*Task requirements:* Retype the data that follows exactly. No pictures belong in the copy.

*Collected data:*
• • • • •

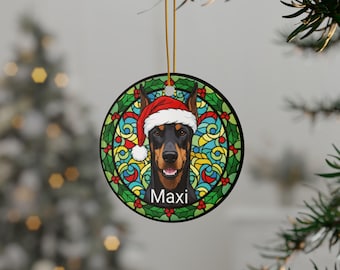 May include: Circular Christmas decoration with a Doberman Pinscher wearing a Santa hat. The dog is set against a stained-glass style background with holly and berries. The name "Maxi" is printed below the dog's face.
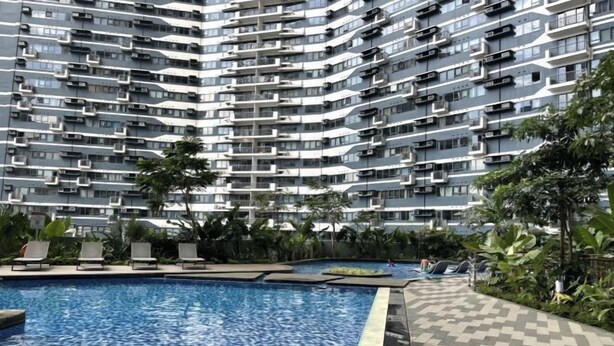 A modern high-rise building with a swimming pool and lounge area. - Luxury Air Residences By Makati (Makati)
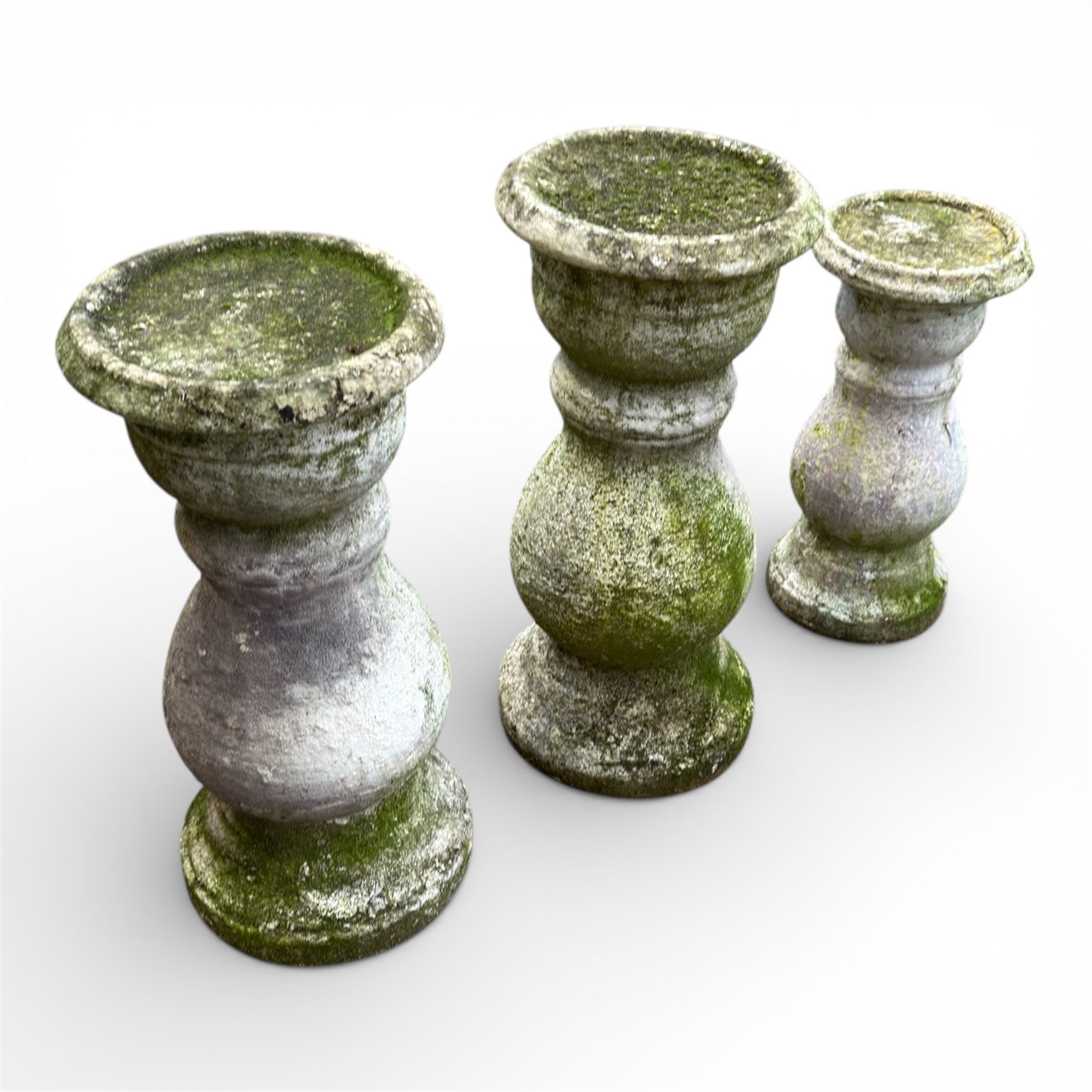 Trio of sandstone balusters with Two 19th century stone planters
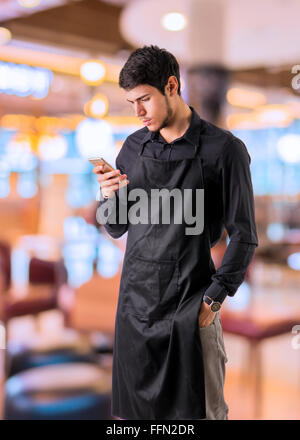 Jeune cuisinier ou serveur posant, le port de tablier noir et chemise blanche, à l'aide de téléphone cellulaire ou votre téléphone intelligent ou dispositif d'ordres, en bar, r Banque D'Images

• • • • •

*Exercise response:*
 May include: Circular Christmas decoration with a Doberman Pinscher wearing a Santa hat. The dog is set against a stained-glass style background with holly and berries. The name "Maxi" is printed below the dog's face.
 A modern high-rise building with a swimming pool and lounge area. - Luxury Air Residences By Makati (Makati)
 Trio of sandstone balusters with Two 19th century stone planters
 Jeune cuisinier ou serveur posant, le port de tablier noir et chemise blanche, à l'aide de téléphone cellulaire ou votre téléphone intelligent ou dispositif d'ordres, en bar, r Banque D'Images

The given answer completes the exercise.